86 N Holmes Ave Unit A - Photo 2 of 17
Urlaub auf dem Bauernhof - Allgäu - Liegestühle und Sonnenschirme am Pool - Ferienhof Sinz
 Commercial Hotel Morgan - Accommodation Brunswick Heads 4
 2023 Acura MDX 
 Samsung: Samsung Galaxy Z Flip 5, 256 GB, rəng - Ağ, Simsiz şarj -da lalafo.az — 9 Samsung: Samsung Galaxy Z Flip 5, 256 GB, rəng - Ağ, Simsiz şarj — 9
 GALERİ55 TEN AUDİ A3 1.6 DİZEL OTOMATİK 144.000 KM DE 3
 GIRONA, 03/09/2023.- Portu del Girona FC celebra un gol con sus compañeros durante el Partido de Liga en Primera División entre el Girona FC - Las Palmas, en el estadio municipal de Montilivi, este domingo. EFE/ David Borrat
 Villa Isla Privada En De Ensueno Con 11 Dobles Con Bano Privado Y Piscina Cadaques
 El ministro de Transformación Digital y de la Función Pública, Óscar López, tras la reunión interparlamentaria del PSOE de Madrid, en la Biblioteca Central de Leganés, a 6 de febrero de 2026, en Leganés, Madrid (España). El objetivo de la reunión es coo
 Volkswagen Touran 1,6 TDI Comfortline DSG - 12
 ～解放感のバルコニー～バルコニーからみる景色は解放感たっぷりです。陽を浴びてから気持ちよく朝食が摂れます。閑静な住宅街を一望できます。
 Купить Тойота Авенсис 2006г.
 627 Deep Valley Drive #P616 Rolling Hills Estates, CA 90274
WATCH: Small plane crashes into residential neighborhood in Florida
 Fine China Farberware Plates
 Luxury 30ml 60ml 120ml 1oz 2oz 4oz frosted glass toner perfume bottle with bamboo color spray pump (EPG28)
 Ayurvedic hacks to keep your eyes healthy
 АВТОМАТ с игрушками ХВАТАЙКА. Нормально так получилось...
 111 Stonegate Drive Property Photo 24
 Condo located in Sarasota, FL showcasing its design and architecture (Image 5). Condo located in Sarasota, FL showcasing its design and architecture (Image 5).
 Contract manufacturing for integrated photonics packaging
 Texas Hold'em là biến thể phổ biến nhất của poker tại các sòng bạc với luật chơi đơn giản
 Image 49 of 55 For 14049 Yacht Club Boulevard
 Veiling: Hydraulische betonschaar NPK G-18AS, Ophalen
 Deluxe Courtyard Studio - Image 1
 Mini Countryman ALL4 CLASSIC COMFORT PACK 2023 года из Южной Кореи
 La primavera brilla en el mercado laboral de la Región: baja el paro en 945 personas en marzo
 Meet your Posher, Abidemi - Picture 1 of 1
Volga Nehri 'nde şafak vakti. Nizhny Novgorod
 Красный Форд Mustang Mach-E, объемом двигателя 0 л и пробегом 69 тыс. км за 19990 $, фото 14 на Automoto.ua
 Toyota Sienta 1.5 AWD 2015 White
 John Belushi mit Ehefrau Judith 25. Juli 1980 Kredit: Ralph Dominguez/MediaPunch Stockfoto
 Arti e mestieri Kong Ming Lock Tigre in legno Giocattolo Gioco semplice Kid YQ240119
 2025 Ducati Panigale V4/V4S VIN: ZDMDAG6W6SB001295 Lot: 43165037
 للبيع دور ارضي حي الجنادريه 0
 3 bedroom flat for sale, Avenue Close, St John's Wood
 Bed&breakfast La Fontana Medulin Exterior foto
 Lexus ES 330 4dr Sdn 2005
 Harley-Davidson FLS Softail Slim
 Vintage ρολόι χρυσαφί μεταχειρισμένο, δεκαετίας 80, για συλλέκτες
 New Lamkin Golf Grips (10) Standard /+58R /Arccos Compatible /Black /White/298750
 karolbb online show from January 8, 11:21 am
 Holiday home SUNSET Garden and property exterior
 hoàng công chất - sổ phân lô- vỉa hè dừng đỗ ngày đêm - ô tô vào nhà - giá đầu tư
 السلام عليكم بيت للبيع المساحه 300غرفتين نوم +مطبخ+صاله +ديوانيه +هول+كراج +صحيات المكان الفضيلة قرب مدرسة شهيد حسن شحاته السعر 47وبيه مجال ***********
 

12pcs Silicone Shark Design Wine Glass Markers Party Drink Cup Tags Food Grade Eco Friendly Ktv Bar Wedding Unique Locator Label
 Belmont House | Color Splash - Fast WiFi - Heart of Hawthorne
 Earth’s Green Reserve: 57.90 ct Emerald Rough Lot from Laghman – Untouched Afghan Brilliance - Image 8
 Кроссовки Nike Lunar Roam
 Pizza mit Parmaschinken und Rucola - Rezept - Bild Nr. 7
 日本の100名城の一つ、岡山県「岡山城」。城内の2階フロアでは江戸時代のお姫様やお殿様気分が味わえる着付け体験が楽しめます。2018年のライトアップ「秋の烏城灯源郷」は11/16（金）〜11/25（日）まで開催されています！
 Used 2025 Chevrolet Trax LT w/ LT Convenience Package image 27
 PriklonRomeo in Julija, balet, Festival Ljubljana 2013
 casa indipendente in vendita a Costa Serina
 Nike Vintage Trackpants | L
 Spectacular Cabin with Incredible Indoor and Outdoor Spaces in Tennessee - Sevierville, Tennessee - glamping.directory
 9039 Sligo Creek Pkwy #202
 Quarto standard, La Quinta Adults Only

INSTRUCTIONS FOR THE TASK: Copy every line of the material above in which the word "للبيع" appears.

ANSWER TO THIS EXERCISE:
 للبيع دور ارضي حي الجنادريه 0
 السلام عليكم بيت للبيع المساحه 300غرفتين نوم +مطبخ+صاله +ديوانيه +هول+كراج +صحيات المكان الفضيلة قرب مدرسة شهيد حسن شحاته السعر 47وبيه مجال ***********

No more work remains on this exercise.